District policy revised to account for cyberbullying

Haley Sandlow and Eli Traub, Opinions Editor and Page Editor

A high school student was pushed up against a locker. He was punched *in the arm. He was slapped on the side of his head. Decades ago, he was one of many victims of physical bullying. Yet today, the landscape of bullying has changed.

“I truly think we have a really good school and students who, when they do see something, come and say things, which helps tremendously,” said William Eike, assistant principal and dean of students. “But the thing we deal with often is that social media component.”

Russell Sabella, professor and director of the school counseling program at Florida Gulf Coast University, defined cyberbullying as intentional, repetitive harm online. If something offensive or harmful is posted once and is then shared by others, it is considered to be repetitive and is therefore defined as cyberbullying.

According to school social worker Patrick Wagner, the best thing someone can do if they are being bullied is to “disengage.” In terms of cyberbullying, that means not responding to messages online.
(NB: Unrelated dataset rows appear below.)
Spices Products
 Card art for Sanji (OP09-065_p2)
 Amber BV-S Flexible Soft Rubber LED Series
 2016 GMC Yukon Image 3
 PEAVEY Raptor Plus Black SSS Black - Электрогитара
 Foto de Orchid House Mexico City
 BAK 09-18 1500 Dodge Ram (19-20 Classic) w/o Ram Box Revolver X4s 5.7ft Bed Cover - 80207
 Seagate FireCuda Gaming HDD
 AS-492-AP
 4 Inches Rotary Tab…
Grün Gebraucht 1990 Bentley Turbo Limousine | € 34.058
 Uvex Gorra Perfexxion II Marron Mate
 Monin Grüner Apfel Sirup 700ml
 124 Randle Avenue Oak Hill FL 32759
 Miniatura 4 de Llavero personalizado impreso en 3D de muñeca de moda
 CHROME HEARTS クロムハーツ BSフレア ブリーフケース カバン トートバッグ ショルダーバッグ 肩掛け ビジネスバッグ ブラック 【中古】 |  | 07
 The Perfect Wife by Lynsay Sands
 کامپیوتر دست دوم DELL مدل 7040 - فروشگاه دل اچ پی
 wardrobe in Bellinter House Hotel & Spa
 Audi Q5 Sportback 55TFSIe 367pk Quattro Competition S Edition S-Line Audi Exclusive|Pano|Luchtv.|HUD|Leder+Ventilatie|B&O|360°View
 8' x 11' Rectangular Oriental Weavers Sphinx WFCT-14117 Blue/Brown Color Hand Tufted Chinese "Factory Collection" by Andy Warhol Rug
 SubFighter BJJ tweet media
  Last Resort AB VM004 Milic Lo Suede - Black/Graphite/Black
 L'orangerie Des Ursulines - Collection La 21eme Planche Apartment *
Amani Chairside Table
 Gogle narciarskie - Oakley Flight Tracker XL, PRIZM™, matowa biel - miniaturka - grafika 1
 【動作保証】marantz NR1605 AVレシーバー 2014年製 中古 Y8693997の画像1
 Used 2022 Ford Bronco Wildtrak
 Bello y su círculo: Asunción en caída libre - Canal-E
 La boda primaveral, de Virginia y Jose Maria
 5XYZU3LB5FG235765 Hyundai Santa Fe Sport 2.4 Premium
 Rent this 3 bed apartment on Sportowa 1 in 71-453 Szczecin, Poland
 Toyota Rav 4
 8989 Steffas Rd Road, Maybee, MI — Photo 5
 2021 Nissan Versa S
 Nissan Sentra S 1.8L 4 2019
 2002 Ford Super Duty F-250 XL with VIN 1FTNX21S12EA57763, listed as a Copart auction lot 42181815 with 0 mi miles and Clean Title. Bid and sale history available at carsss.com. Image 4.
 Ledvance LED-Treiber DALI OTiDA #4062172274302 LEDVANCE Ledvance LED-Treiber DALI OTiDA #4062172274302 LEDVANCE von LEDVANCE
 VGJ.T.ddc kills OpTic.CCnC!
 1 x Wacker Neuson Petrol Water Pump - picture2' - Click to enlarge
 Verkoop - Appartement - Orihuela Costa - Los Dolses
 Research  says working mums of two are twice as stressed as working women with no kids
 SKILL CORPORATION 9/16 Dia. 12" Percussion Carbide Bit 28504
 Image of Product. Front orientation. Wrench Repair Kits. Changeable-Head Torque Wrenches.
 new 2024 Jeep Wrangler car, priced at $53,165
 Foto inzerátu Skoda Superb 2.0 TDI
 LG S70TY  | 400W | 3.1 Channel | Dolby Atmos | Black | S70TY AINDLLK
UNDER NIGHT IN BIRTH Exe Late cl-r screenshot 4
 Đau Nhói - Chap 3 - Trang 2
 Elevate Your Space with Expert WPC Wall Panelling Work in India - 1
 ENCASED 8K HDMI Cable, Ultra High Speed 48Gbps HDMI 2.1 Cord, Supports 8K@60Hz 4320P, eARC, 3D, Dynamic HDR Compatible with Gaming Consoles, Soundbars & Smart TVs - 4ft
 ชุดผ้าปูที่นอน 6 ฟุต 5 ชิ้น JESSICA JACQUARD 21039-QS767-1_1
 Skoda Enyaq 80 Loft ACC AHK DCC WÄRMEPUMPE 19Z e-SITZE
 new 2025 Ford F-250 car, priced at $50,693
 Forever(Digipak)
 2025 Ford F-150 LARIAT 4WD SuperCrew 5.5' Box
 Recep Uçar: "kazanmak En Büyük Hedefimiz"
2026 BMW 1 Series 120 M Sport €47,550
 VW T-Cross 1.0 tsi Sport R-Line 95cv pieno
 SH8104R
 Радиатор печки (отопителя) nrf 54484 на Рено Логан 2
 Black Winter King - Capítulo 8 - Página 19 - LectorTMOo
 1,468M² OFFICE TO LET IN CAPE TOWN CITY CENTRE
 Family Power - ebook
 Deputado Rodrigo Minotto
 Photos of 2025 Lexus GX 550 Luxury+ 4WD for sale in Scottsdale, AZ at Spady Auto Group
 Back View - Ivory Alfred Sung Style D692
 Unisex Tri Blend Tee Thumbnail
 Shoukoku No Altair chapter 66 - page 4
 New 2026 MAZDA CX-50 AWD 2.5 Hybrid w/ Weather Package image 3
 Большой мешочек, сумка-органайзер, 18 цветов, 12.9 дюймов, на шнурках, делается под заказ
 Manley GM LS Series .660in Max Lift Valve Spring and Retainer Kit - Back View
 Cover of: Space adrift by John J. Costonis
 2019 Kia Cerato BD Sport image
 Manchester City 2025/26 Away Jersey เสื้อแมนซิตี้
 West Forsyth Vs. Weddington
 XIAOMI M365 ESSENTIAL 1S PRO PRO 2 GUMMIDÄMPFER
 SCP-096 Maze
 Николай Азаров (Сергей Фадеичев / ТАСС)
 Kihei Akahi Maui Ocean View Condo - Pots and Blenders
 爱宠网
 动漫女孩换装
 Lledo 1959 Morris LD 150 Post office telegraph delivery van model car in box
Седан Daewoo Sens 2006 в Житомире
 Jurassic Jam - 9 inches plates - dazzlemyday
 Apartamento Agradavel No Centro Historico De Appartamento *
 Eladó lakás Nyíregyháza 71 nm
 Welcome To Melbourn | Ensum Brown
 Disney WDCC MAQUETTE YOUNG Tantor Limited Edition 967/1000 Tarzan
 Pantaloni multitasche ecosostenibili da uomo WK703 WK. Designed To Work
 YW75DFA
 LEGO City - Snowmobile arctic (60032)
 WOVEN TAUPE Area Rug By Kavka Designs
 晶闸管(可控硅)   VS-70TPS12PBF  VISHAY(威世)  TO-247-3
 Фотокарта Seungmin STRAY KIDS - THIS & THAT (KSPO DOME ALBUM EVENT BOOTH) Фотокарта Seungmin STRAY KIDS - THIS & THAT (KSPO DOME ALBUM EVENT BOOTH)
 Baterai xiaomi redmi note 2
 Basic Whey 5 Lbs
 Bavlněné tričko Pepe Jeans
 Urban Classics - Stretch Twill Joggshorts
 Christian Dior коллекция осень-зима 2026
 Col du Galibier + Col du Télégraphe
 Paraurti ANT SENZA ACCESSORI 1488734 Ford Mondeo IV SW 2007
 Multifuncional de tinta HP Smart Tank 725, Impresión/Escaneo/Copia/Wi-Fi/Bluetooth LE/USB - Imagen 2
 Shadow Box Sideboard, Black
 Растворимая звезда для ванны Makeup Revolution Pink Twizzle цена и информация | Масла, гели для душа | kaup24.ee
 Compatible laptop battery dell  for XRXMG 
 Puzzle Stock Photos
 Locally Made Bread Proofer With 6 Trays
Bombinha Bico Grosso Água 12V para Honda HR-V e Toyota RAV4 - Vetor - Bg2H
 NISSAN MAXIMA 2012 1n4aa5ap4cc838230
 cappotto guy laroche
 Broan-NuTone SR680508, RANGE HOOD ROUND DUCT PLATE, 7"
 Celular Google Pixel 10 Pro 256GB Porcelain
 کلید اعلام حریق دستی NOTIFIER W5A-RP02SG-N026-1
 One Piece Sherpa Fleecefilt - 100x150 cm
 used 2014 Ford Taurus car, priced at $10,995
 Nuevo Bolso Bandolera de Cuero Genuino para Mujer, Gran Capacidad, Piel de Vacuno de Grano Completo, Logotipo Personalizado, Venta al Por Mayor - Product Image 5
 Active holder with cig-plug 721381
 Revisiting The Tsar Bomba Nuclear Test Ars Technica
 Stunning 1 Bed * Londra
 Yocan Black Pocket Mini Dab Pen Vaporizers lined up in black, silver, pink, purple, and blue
Wagner said nowadays, bullying occurs most often on social media. With social media, bullies can be discreet and deceptive about their identity while hurting more people than they could physically.

“It’s like road rage,” said Wagner. “There is a higher level of people being aggressive than would normally be aggressive because of the anonymity.”

According to Sabella, there are five things a school must do to prevent cyberbullying. Teachers and counselors must integrate training about bullying into classes throughout the year. Schools must train parents about cyberbullying so they may set boundaries and consequences for their children. Students must help each other, for example, by conducting presentations or participating in initiatives to help targeted kids. Schools must have simple, easy means of reporting bullying that do not impose any consequences on the student making the report and comprehensive policies for cyberbullying.

A good school policy must be comprehensive. It must define cyberbullying, designate consequences of cyberbullying and outline provisions for reporting, educating and retaliating against cyberbullying. Schools must also educate students and parents about their policies, Sabella said.

Glenbrook High School District #225 is currently in the process of updating its board policy on hazing, bullying and aggressive behavior. The current policy, which was adopted in 2005, defines hazing, bullying and aggressive behavior. It refers to an additional policy outlining consequences following violations of the policy, which include referrals, suspension or expulsion.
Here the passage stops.